La paura, probabilmente, di qualche furto in Basilicata, nella villetta appena ristrutturata e localizzata in una zona periferica e in campagna rispetto al centro del paese? O cosa altro?
I carabinieri stanno valutando anche la premeditazione, anche se logicamente, leggendo le frasi che Tronnolone pubblicava sul suo profilo facebook sembra un’ipotesi lontana dalla realtà. Chiaramente, però, anche questa non va sottovalutata da parte degli inquirenti che, nel frattempo, oltre ad aver sentito già quanti avevano rapporti con la famiglia Tronnolone, hanno anche provveduto a sequestrare il personal computer trovato nella casa fiorentina.
LA RICOSTRUZIONE
VITO TRONNOLONE ha impugnato la sua P38, mai usata precedentemente, ed ha deciso di sterminare la sua famiglia. Gli inquirenti stanno cercando di ricostruire cosa è accaduto in quei pochi istanti, intorno alle 6,30 di sabato mattina.

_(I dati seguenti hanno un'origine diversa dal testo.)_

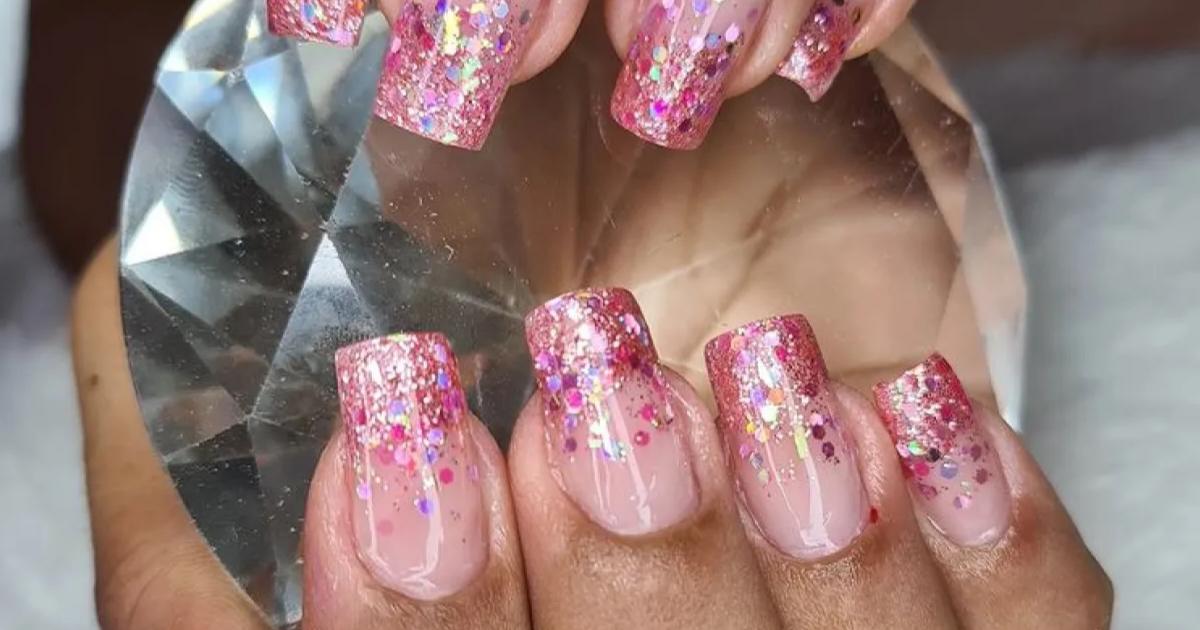 unha de gel rosa neon com glitter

Con ogni probabilità il primo colpo è stato sparato alla testa del figlio Luca che era in bagno, poi l’arma è stata rivolta verso la figlia Chiara che era in camera da letto. La moglie di Vito, Maria Stella, ha tentato la fuga, probabilmente è stata anche strattonata ed è caduta in terra, da quanto è trapelato pare che per questa ragione il primo colpo sparato sia andato a vuoto, ma il secondo l’ha centrata in pieno volto.

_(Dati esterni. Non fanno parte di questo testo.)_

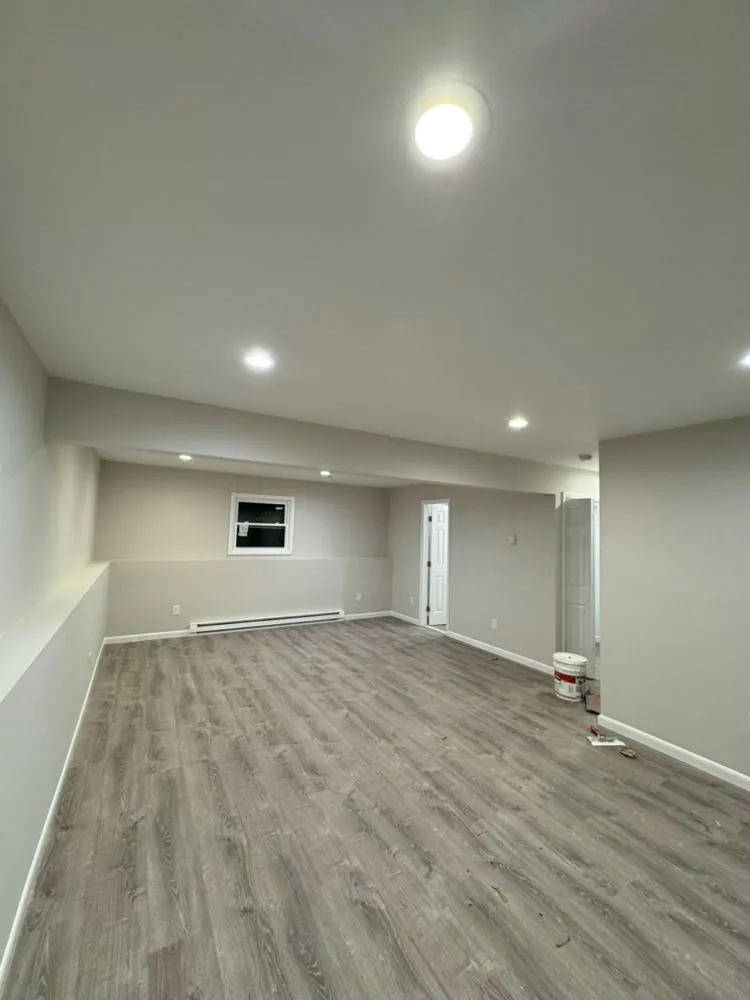 Slide of The Good Electrician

Vito ha avuto, in quell’istante, anche la lucidità di chiamare la sorella in Toscana: «Ho ammazzato tutti, ora mi ammazzo io», avrebbe detto, un istante prima di premere per l-ultima volta il grilletto sulla sua tempia. Cinque colpi, di cui uno solo a vuoto, per una strage che ha ricordato quella di Genzano di Natale del 2011, quando per mano del pensionato Ettore Bruscella, furono uccisi Maria Antonietta Di Palma, 55 anni, e i suoi figli Maria Donata e Matteo Menchise.
Vito Tronnolone, la moglie e il figlio Luca erano arrivati a San Fele una ventina di giorni fa, mentre Chiara era giunta in Basilicata solo due sere prima del triplice omicidio. Tutti insieme avrebbero dovuto trascorrere un periodo di vacanza nella villetta di campagna, ristrutturata da poco e con non pochi sacrifici da parte dell’ex carrozziere, dove ieri sono stati scoperti i quattro cadaveri.